Sunday, March 29, 2015

Logicomix Summary

http://epaper.navhindtimes.in/NewsDetail.aspx?storyid=1949912&date=2015-03-29&pageid=1



Logicomix: 

A few weeks back, I waxed eloquent about Comics.  My interlude with comics continues, thanks to libraries and bookstores in Goa and of course, patrons of exclusive comic collections. ‘The improbable material for comic book treatment’ is what has me completely hooked and I can’t seem to let it go. One such graphic novel is Logicomix – An Epic Search for Truth (I am late arriving at it , it was  launched in Greece in Sept, 2009),  a helluva highbrow comic panel about mathematical philosophy based in the later part of  nineteenth century up to the Second World War.

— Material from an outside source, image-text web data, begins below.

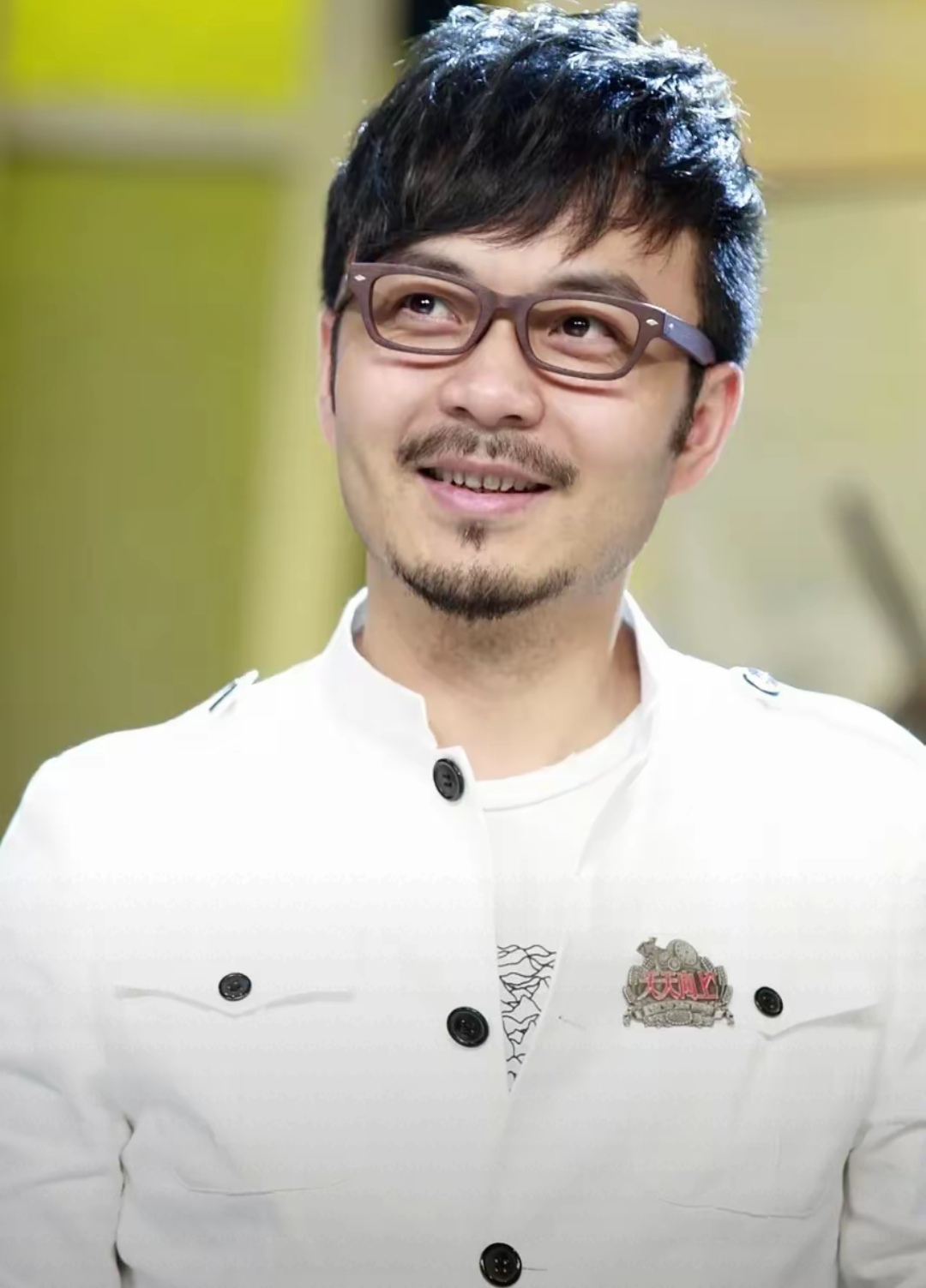 员工全是听障人士,汪涵年轻照片汪涵个人资料简介汪涵眼镜汪涵出道后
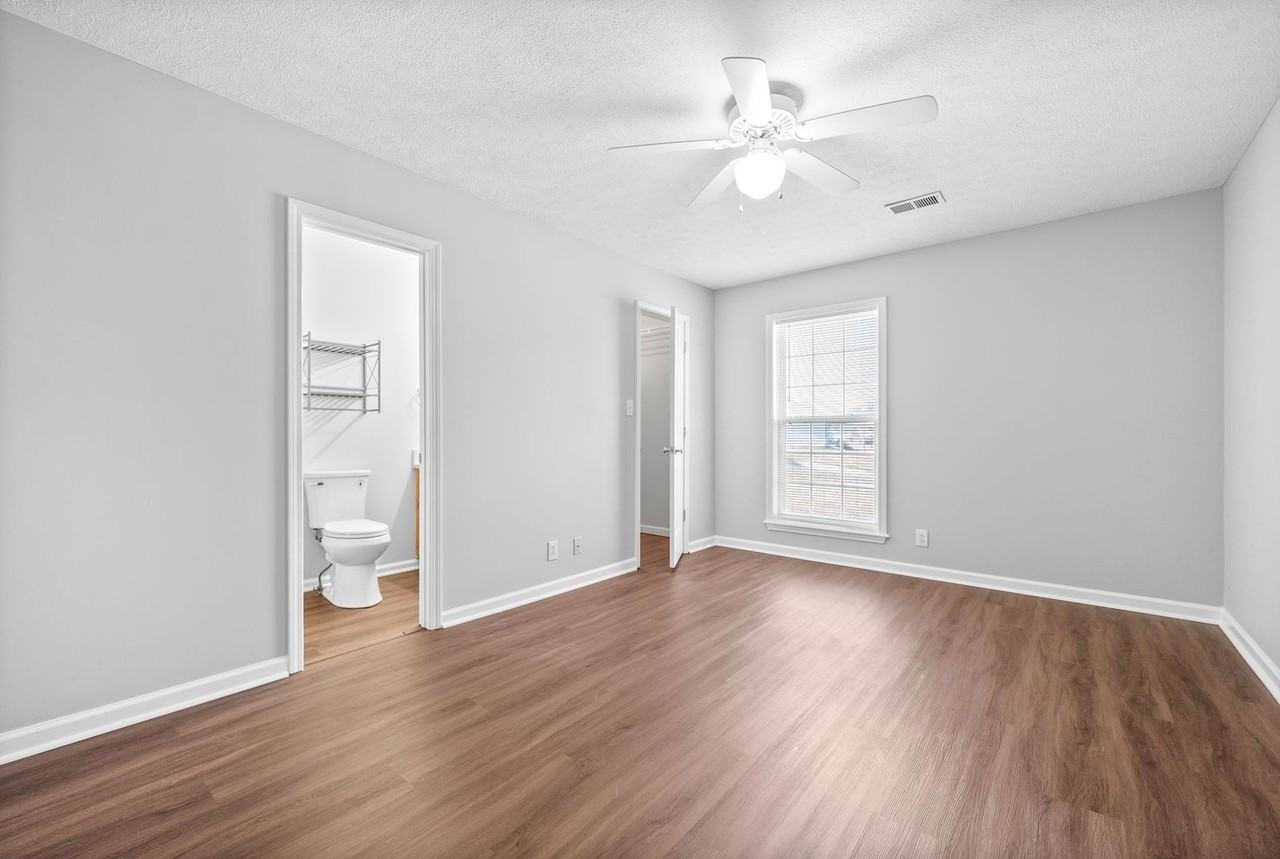 1067 Shadow Ridge Ave - Photo 7 of 23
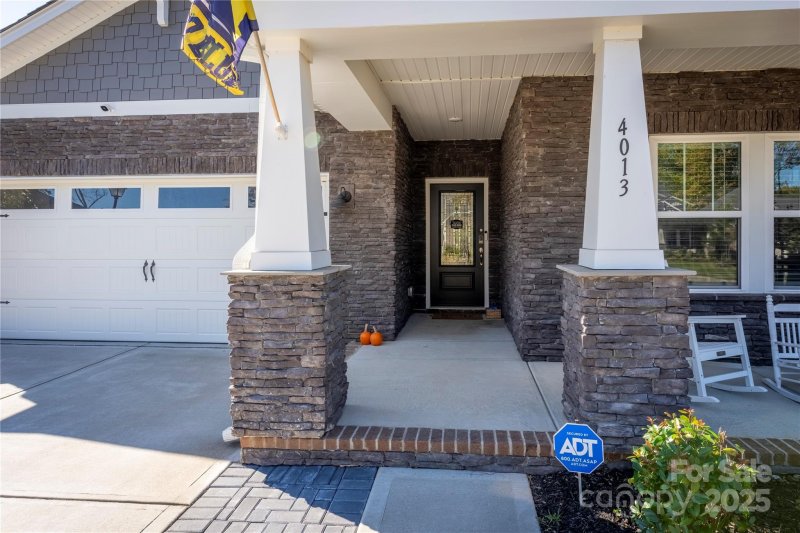 Property image 2 of 4013 Leyland Court in Heron Creek, Mint Hill, NC 28227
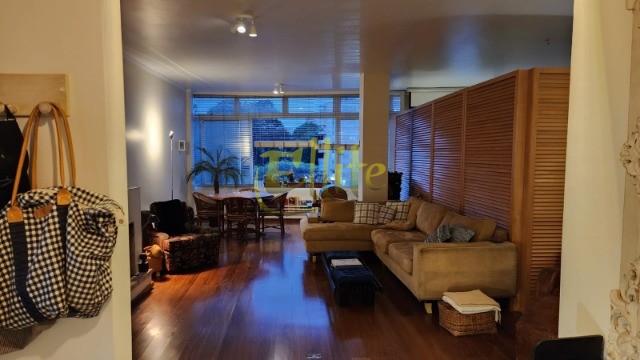 Apartamento à venda e aluguel com 3 quartos, 158m² - Foto 4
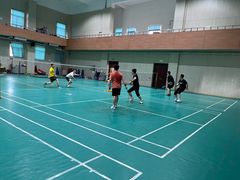 -莘城学校羽毛球馆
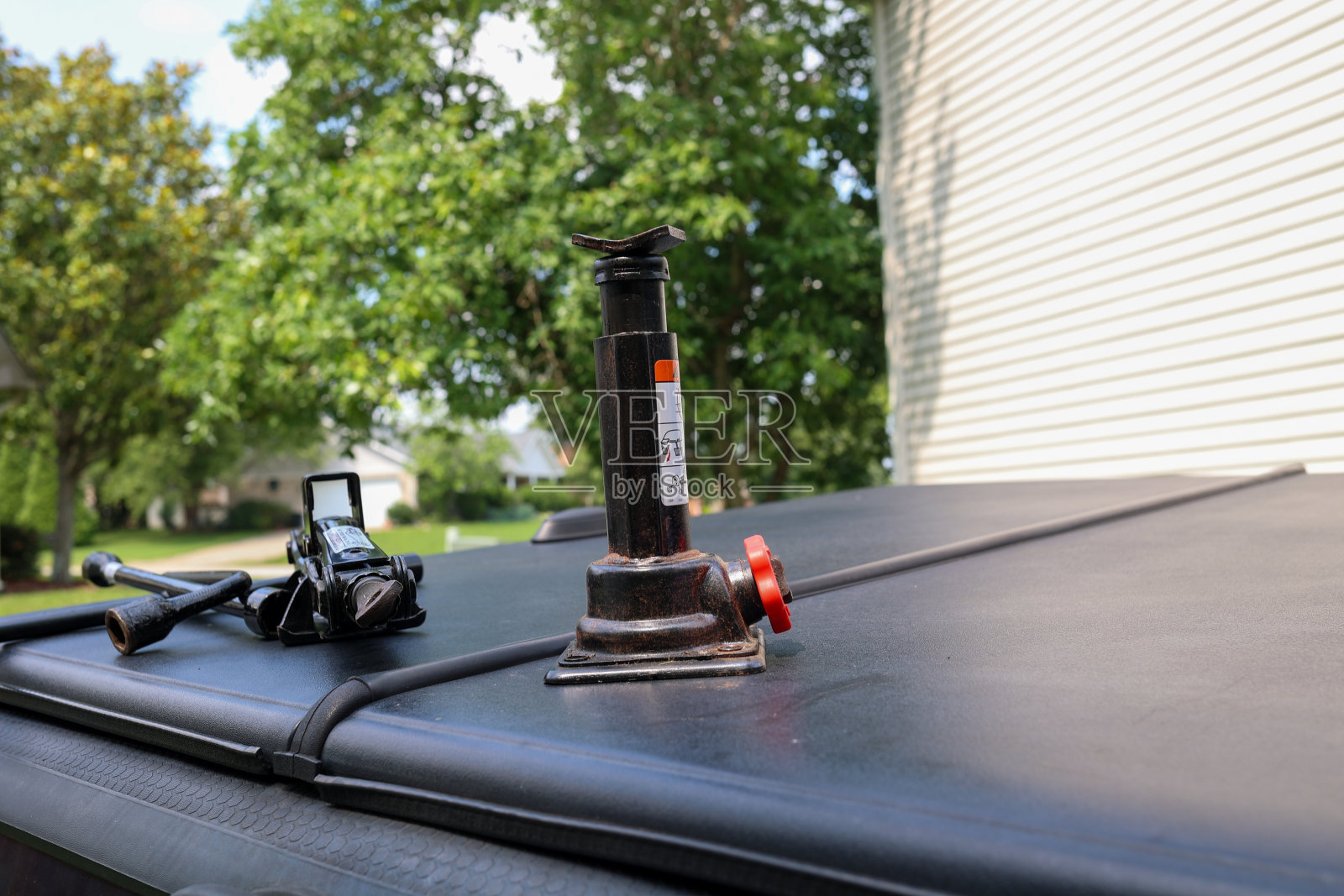 一种小型便携式液压汽车千斤顶，安装在皮卡顶上照片摄影图片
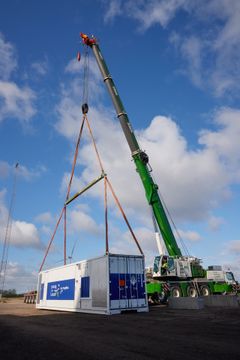 EWIIs batteri, der fylder en hel container og vejer 36 ton, blev forleden løftet på plads hos LORC af en stor kran. Foto: BLITZ 77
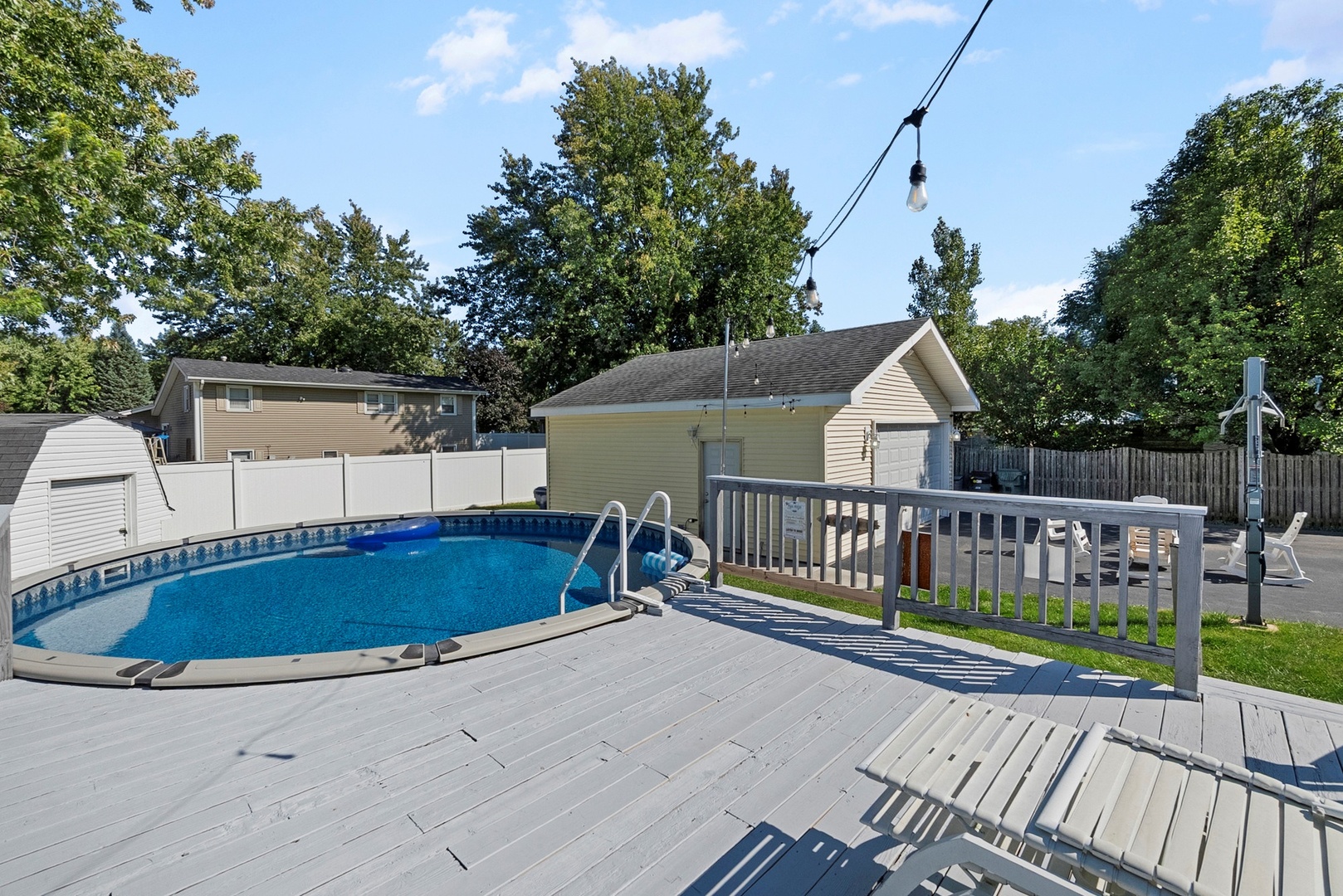 808 Stonegate Road, New Lenox, IL 60451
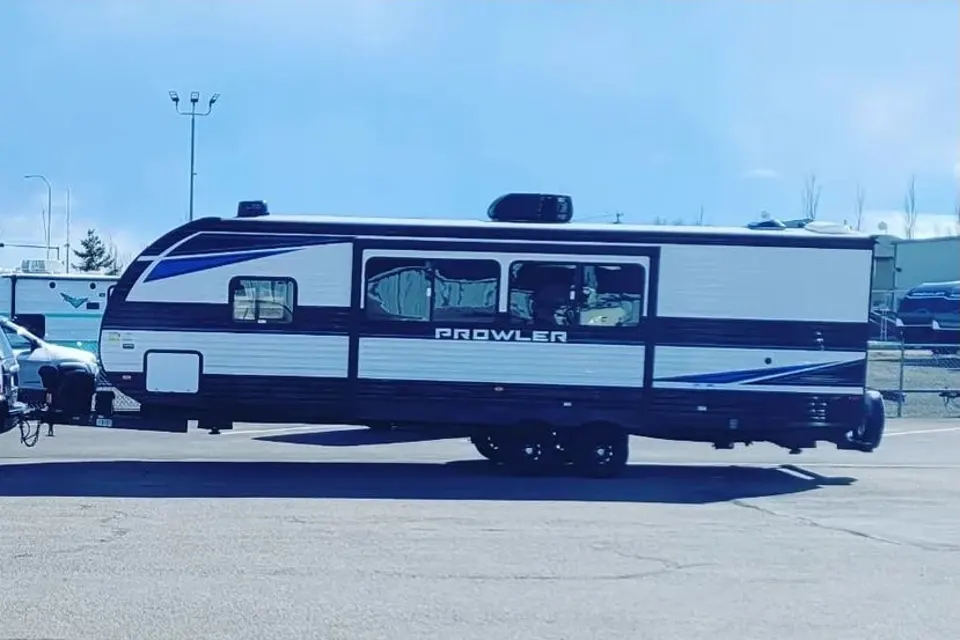 Rebecca's Heartland Prowler BR271 Travel Trailer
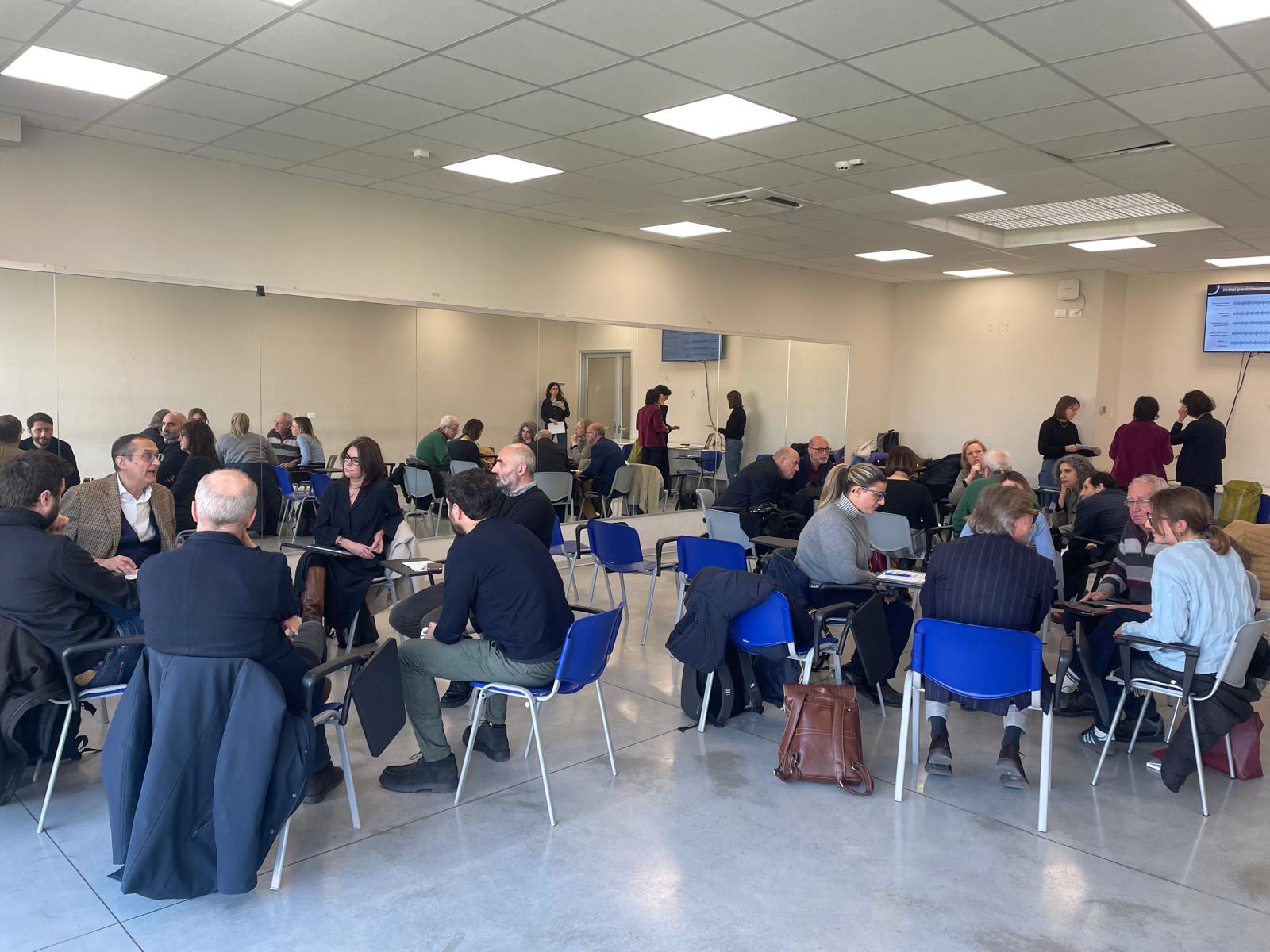 Immagine dell'incontro della fase attuativa del Piano dell'Economia Sociale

Scientists, philosophers and mathematicians occupy inaccessible realms in the living world, completely incomprehensible to the minds of common masses. To transpose a journey of complex mathematics, logic and philosophy interwoven with a human angle to the stories of  star performers(mathematicians in this case), coloured with family history along with raging zeitgeist, is a feat very craftily achieved by the makers of this sensational comic strip. The graphic novel is the brainchild of two Greeks viz. Apostolos Doxiadis and Christos Papadimitriou.  The former, an international expert on the relationship of mathematics to narrative and of the fame of the bestseller Uncle Petros and Goldbach’s Conjecture (the maiden  foray which  bridged mathematics to the world of storytelling) ; and the latter, Bill Gates’ teacher, a professor of computer science at Berkeley and  the author of a novel on Alan Turing( the father of computer science, we recently watched him in Imitation Games).  The art was done by Alecos Papadatos (clean line drawings made famous by Herge’s Tintin series) and Annie Di Donna (color) who went location-hunting to original storyscapes on this pretext.  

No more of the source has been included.